Wali Kota Singkawang Tjhai Chui Mie menegaskan bahwa peringatan Maulid Nabi bukan sekadar ritual keagamaan, melainkan bentuk cinta kasih umat kepada Nabi Muhammad SAW.
Ia menilai Nabi Muhammad merupakan sosok pemimpin yang adil, bijaksana, serta selalu mengedepankan akhlak mulia.
“Cara Nabi Muhammad memimpin umat dan negara harus menjadi teladan seluruh pemimpin. Beliau memimpin dengan cinta kasih, keadilan, dan akhlak yang luhur,” ujarnya di Singkawang, Jumat.
Ia mengaitkan nilai-nilai tersebut dengan kehidupan masyarakat Singkawang yang plural. Menurut dia, harmoni antarumat beragama yang terjaga hingga kini lahir dari sikap saling memahami dan saling menghargai.
“Toleransi adalah anugerah. Dan kekuatan terbesar kita untuk menjaganya adalah cinta kasih,” kata Tjhai Chui Mie.
Ia berharap peringatan Maulid Nabi di Singkawang ini tidak hanya mempererat kecintaan kepada Rasulullah, tetapi juga memperkuat nilai toleransi dan persaudaraan di tengah masyarakat yang beragam.

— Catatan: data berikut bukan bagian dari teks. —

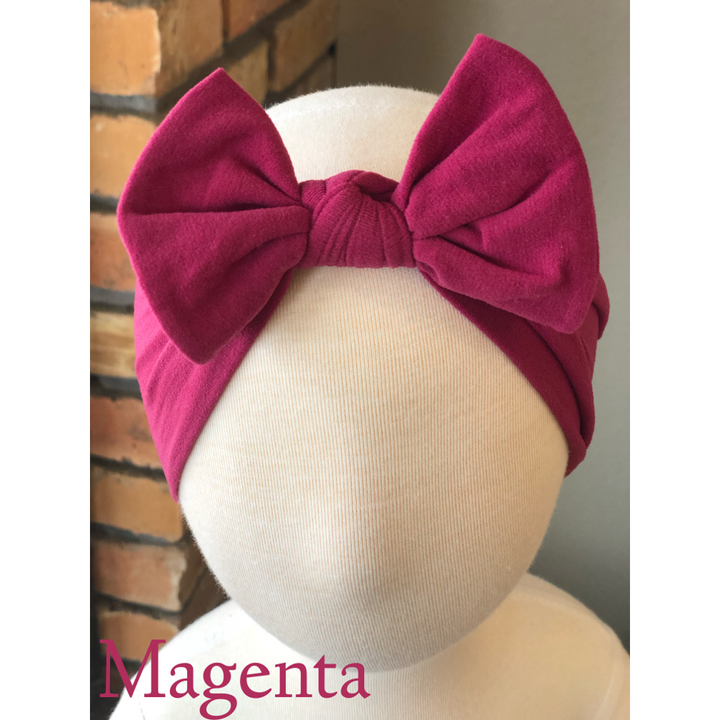 Sugar + Maple Baby Classic Bow Headband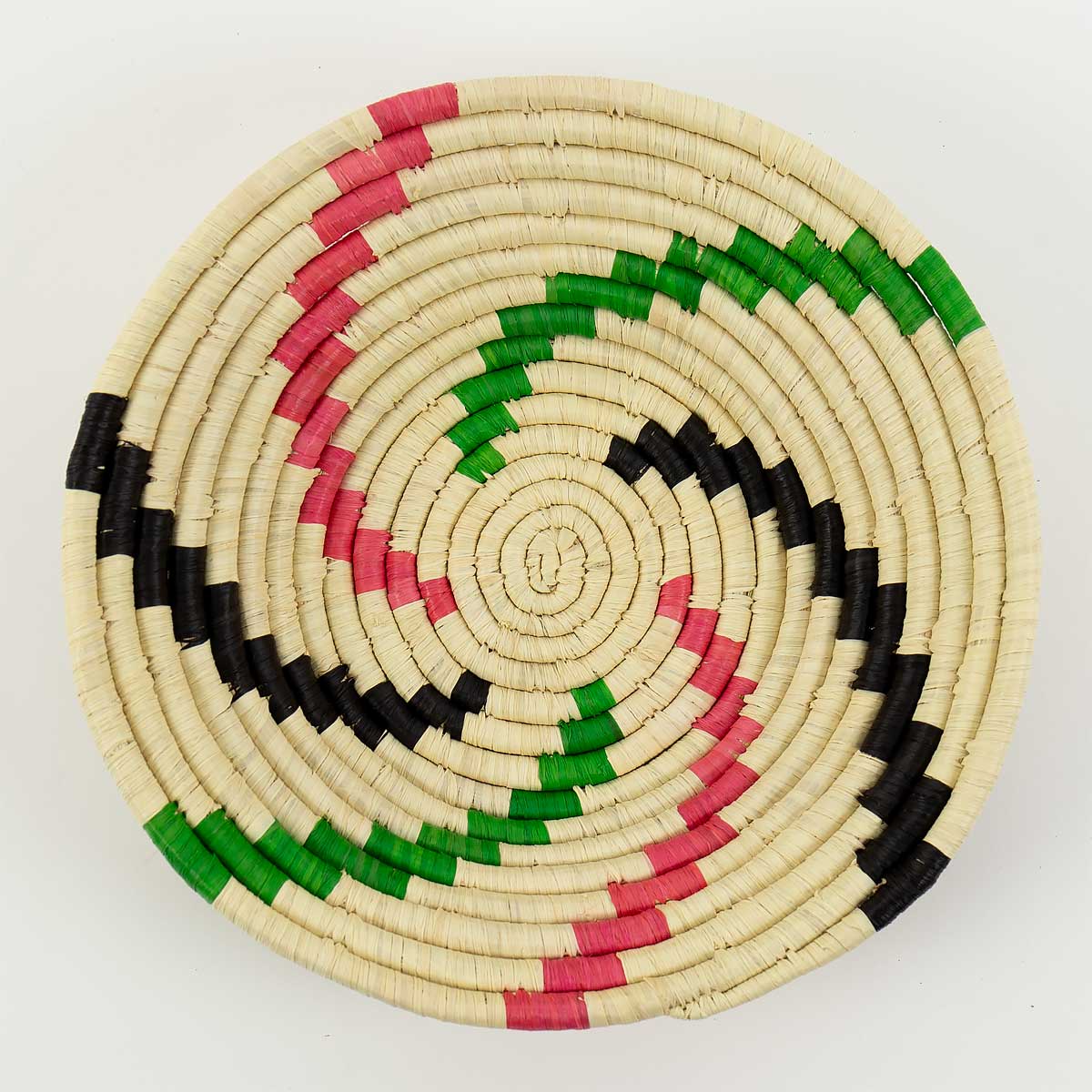 RAFAELA Bread Basket S, white/pink/green/black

Sementara itu, dalam tausiyahnya Ustadz Hatoli dari Kabupaten Sambas mengajak jamaah untuk semakin mencintai Nabi Muhammad dengan mengenal sejarah kehidupannya. Ia menyebut kecintaan kepada Rasulullah akan lebih kuat jika umat memahami perjalanan hidup dan perjuangannya.
“Meneladani Nabi itu sulit jika tidak mengenalnya. Maka, kita harus memulai dari sejarahnya,” ujar Hatoli.
Ia menambahkan, pengenalan sejarah Nabi Muhammad melalui syair maupun lagu dapat menjadi sarana efektif untuk menumbuhkan rasa cinta Rasulullah di kalangan generasi muda.
Bahkan, kata Hatoli, kisah kelahiran Nabi Muhammad telah tersiar jauh sebelum beliau lahir, sebagaimana tercatat dalam kitab-kitab suci sebelumnya.